* [Records provided]
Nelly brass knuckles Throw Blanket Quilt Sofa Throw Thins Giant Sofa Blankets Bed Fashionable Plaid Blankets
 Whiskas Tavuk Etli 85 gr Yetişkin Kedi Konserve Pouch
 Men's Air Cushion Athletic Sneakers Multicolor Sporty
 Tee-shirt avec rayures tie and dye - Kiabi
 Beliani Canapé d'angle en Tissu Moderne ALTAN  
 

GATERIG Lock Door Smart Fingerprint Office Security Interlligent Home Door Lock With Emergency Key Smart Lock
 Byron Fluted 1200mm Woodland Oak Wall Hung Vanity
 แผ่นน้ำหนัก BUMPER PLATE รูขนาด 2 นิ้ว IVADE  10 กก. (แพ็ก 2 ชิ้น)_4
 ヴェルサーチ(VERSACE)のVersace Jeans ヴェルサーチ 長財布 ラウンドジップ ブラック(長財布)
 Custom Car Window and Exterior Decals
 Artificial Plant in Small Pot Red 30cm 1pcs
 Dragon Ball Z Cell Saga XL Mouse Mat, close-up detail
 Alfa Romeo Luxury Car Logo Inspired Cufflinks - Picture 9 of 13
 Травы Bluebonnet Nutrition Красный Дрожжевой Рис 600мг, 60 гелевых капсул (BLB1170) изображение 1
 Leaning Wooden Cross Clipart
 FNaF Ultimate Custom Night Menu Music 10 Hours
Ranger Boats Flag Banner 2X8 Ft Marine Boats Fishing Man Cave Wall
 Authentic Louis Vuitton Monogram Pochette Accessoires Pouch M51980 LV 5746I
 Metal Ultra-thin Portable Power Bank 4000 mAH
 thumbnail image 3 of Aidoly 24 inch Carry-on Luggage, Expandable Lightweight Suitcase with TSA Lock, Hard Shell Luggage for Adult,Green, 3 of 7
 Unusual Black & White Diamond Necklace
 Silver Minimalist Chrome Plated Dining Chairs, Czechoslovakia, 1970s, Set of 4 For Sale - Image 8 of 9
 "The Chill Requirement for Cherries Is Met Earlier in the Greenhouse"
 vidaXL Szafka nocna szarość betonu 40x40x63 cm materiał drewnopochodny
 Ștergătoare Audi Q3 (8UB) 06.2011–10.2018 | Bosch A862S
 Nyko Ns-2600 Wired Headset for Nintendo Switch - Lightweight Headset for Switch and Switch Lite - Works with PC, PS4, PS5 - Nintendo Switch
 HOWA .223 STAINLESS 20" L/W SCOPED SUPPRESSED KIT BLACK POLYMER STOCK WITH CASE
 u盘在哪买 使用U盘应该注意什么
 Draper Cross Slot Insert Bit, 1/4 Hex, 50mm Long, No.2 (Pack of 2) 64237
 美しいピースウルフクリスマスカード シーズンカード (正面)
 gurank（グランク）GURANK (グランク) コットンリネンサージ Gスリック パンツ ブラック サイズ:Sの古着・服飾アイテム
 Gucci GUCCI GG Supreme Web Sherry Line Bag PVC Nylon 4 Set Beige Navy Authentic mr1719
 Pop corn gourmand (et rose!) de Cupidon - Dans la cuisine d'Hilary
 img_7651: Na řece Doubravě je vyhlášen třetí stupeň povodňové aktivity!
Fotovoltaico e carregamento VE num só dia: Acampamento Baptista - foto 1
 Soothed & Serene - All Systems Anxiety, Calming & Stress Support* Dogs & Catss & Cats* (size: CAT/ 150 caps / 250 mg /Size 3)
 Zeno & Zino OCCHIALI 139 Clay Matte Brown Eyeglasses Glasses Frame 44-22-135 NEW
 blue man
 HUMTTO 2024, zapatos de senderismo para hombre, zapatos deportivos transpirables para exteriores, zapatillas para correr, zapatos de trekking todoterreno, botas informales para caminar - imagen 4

* [What to work on]
From the line containing "Soothed & Serene" through the last line of the entries above, print each line exactly as it stands.

* [Response to the exercise]
 Soothed & Serene - All Systems Anxiety, Calming & Stress Support* Dogs & Catss & Cats* (size: CAT/ 150 caps / 250 mg /Size 3)
 Zeno & Zino OCCHIALI 139 Clay Matte Brown Eyeglasses Glasses Frame 44-22-135 NEW
 blue man
 HUMTTO 2024, zapatos de senderismo para hombre, zapatos deportivos transpirables para exteriores, zapatillas para correr, zapatos de trekking todoterreno, botas informales para caminar - imagen 4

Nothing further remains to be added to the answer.